Reste que pour Yann Gaudin, le problème, qui peut concerner jusqu’à une centaine de personnes par an en Bretagne, mérite qu’il prenne les devants : « Je me dis : je vais donner l’information à tout le monde, et puis ils demanderont le dossier eux-mêmes à PES. Donc j’envoie un mail général, comme je le faisais régulièrement, mais cette fois sur cette aide-là, avec des explications techniques. » Le mail en question atterrit dans les boîtes des intermittents le 23 juin 2014 à 15 h 35. Il est sobre, n’accuse personne de quoi que ce soit et se borne à rappeler l’existence de cette aide de fin de droits en donnant des moyens de contacter PES pour la réclamer. Il sera pourtant le point de départ des ennuis de Yann Gaudin : « Cela m’a valu mon premier entretien avec la directrice départementale adjointe, qui m’a dit : "Tout ce qui concerne l’indemnisation, vous ne donnez aucune information, c’est PES qui le fait." » L’agent, lui, est sûr de n’avoir enfreint aucune règle : « Le règlement de Pôle Emploi dit clairement ce que peut faire la région et ce qui doit être fait uniquement par PES. Or donner de l’information à un intermittent, c’est dans les attributions de la région et des agences. » Sa direction ne l’entend pas de cette oreille. « Quand on est conseiller accompagnement, envoyer un mail sur des aspects indemnisation à des demandeurs d’emploi peut semer le trouble », dit Frédéric Sévignon.

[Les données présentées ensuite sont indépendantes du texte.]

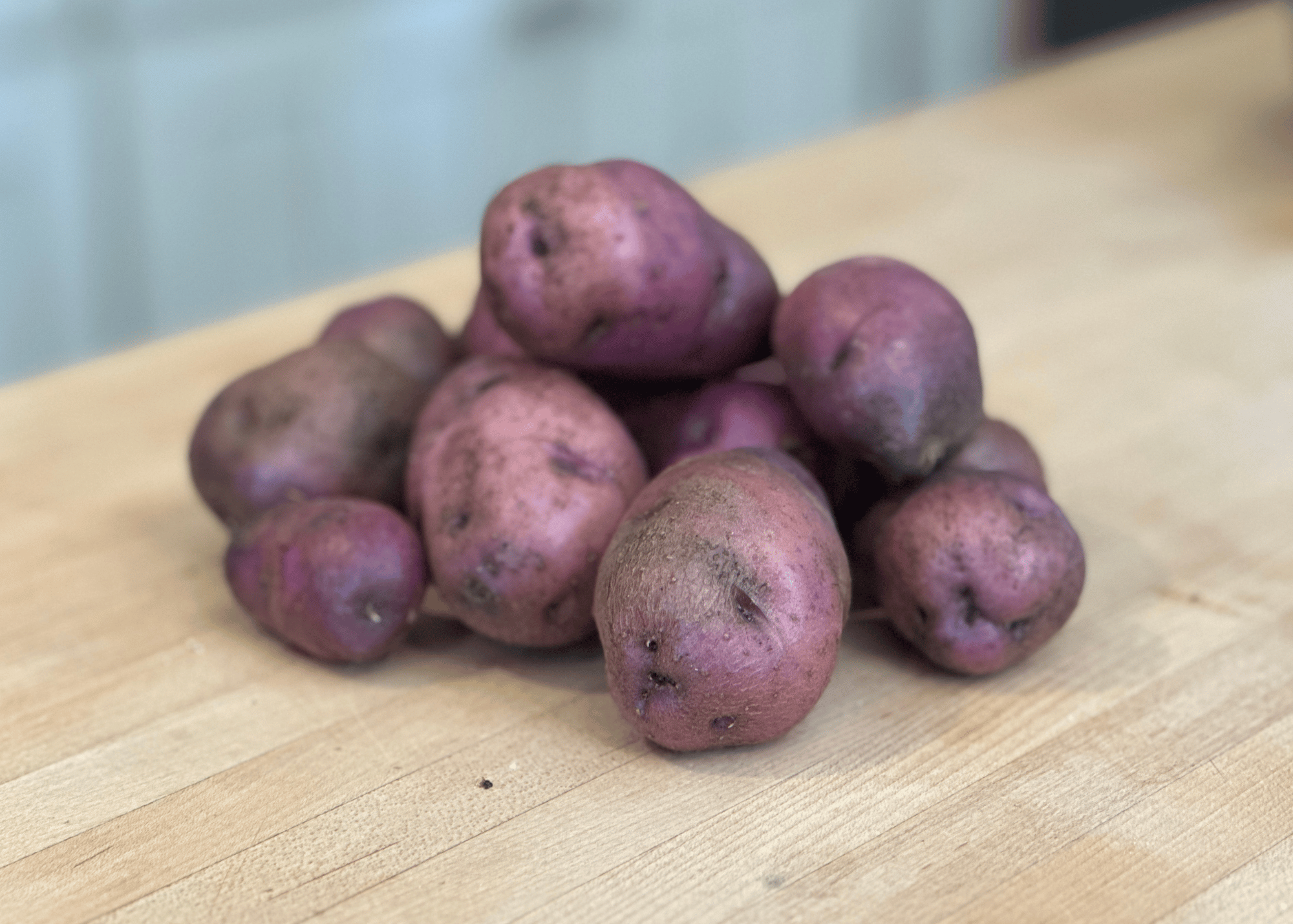 Purple potatoes: varieties, growing & use - Plantura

S’il admet qu’« il peut arriver qu’un conseiller soit sollicité par un demandeur d’emploi qu’il ne suit pas habituellement », le dirigeant estime qu’« il ne peut pas être accepté que l’activité principale d’un conseiller soit de suivre 4 000 à 5 000 demandeurs d’emploi dans toute la France, alors même qu’il refuse de réaliser l’activité qui est la sienne ». Car selon la direction de Pôle Emploi, quand Yann Gaudin apportait de l’aide aux intermittents qui le sollicitaient, il abandonnait les 215 demandeurs d’emploi qui lui étaient attribués. « J’ai de quoi prouver que je m’occupais de mon portefeuille de la même manière que mes collègues », rétorque l’intéressé.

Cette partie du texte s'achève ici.